We now give a chronology of events, surrounding the final transaction, from which must be determined the propriety of the chancellor's ruling that the appellants were not entitled to a decree.

Pursuant to a verbal contract between them, the appellee, E.H. Simmons, gave the then owner a check for one hundred dollars as a payment on the purchase price 5 July 1939 and immediately took possession of the property and began fencing it. At the same time he received from the seller an abstract of title and had it "brought down to date." According to the stipulation of counsel for the litigants the abstract was "certified to the 8th day of July, 1939 . . ." Soon thereafter the vendee became satisfied of the marketability of the title. Although the exact date is not fixed by testimony it was some time between July 8 and July 29, 1939, that he notified the vendor of his readiness to complete the transaction and on the latter date the deed and the check for the balance of the purchase price were exchanged. In the meantime, 14 July 1939, the mortgage of 27 June 1925 was recorded. The deed was filed for record 29 December 1939, and 29 April 1940 the appellee Simmons first received actual knowledge of the existence of the mortgage. *630

The problem with which we are confronted is the relative rights of the vendee, who took possession under the verbal contract without knowledge of the mortgage and before it was recorded, and the mortgagee, who placed her mortgage on record before delivery and recordation of the former's deed. The genuineness of the possession by the appellee Simmons is not challenged and it is not even suggested that it was casual, occasional, temporary, equivocal or of such character as not to provoke inquiry. 8 Thompson on Real Property (Permanent Edition), Page 421, et seq. Being of this quality the possession was certainly notice to the mortgagee that the possessor had a real interest in the property and his rights, therefore, were not affected by the lien. The mortgagee was relegated for relief to the interest of the vendor which she could reach provided she gave actual notice to the vendee. Recording the instrument, after the commencement of the possession, did not relieve her of the necessity of informing him of its existence and of the default of the mortgagor if she intended her claim to attach to the amount owed by him to the vendor. See Thompson on Real Property, supra, Page 424.

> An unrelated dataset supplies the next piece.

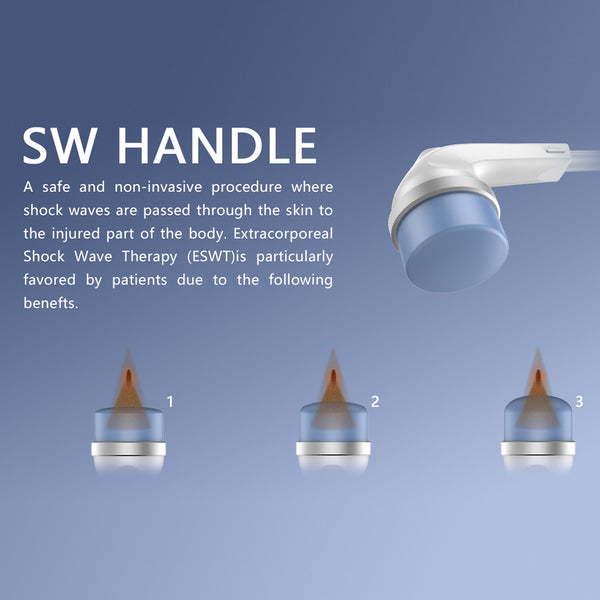 Extracorporeal Shock Wave Therapy (ESWT) device handle with text on a blue background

Authority for this conclusion may be found in a decision of this Court, Marion Mortgage Co. v. Grennan, 106 Fla. 913,143 So. 761, 87 A.L.R. 1492, where the same principle was involved and where the facts in all essential respects correspond with those in the instant case. It will be noted that in the cited case a purchaser went into possession of the property under a contract for deed and, subsequently, the owner gave a mortgage which was placed on record before the contract for deed was recorded. The court *631 recognized the rule that under the circumstances the mortgage was not constructive notice to the purchaser and that in the absence of any knowledge of that indebtedness or of default in its payment he, or his assigns, could continue to pay the amounts under his contract and eventually receive a deed conveying the property clear of encumbrances. We attach no importance to the fact that the contract for deed in the cited case was written and the one with which we are dealing, oral, because of the decision in Hoyt v. Evans, 91 Fla. 1053,109 So. 311, recognizing the efficacy of unwritten agreements for sale.

Our conclusion is that the decree should be and it is —

Affirmed.

BROWN, C. J., TERRELL and CHAPMAN, JJ., concur.